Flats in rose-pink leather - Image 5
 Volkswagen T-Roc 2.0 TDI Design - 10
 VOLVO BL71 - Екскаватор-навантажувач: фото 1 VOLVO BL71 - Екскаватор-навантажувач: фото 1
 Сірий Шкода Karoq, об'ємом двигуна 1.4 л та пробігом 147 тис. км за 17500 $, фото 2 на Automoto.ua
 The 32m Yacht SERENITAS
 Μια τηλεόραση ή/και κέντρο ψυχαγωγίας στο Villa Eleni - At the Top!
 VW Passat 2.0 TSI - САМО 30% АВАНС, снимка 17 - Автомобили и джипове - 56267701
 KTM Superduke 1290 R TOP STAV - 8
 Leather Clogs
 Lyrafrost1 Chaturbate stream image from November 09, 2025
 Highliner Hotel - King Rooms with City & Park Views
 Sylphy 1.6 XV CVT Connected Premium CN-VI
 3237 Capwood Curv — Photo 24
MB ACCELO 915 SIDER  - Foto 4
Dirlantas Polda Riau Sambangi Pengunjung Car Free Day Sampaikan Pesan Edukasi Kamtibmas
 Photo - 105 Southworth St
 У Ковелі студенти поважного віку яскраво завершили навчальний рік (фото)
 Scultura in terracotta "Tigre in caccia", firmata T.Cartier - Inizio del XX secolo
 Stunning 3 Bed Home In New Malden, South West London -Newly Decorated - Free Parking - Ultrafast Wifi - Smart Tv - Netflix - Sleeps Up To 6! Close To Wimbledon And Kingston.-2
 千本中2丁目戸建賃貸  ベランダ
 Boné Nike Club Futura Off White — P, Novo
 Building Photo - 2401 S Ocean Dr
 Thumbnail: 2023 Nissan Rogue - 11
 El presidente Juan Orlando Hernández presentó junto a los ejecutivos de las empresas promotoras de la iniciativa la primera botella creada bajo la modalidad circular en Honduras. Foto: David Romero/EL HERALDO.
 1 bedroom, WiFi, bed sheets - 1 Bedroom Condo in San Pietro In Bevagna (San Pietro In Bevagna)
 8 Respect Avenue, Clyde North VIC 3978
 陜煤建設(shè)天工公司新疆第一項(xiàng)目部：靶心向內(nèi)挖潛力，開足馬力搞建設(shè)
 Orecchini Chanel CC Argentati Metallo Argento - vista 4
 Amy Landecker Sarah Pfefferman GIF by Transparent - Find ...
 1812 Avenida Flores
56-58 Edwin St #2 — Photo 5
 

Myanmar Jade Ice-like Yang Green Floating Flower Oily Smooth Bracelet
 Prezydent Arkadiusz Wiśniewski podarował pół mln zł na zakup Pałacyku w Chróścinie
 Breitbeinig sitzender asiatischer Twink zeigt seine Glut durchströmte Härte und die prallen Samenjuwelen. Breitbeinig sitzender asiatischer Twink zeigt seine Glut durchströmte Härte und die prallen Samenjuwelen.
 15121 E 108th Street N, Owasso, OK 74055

What you are asked to do:
Nothing but the lines from the line that contains "56-58 Edwin St #2 — Photo 5" to the last line of the records above should appear in the answer; please copy them exactly.

Reply to the exercise:
56-58 Edwin St #2 — Photo 5
 

Myanmar Jade Ice-like Yang Green Floating Flower Oily Smooth Bracelet
 Prezydent Arkadiusz Wiśniewski podarował pół mln zł na zakup Pałacyku w Chróścinie
 Breitbeinig sitzender asiatischer Twink zeigt seine Glut durchströmte Härte und die prallen Samenjuwelen. Breitbeinig sitzender asiatischer Twink zeigt seine Glut durchströmte Härte und die prallen Samenjuwelen.
 15121 E 108th Street N, Owasso, OK 74055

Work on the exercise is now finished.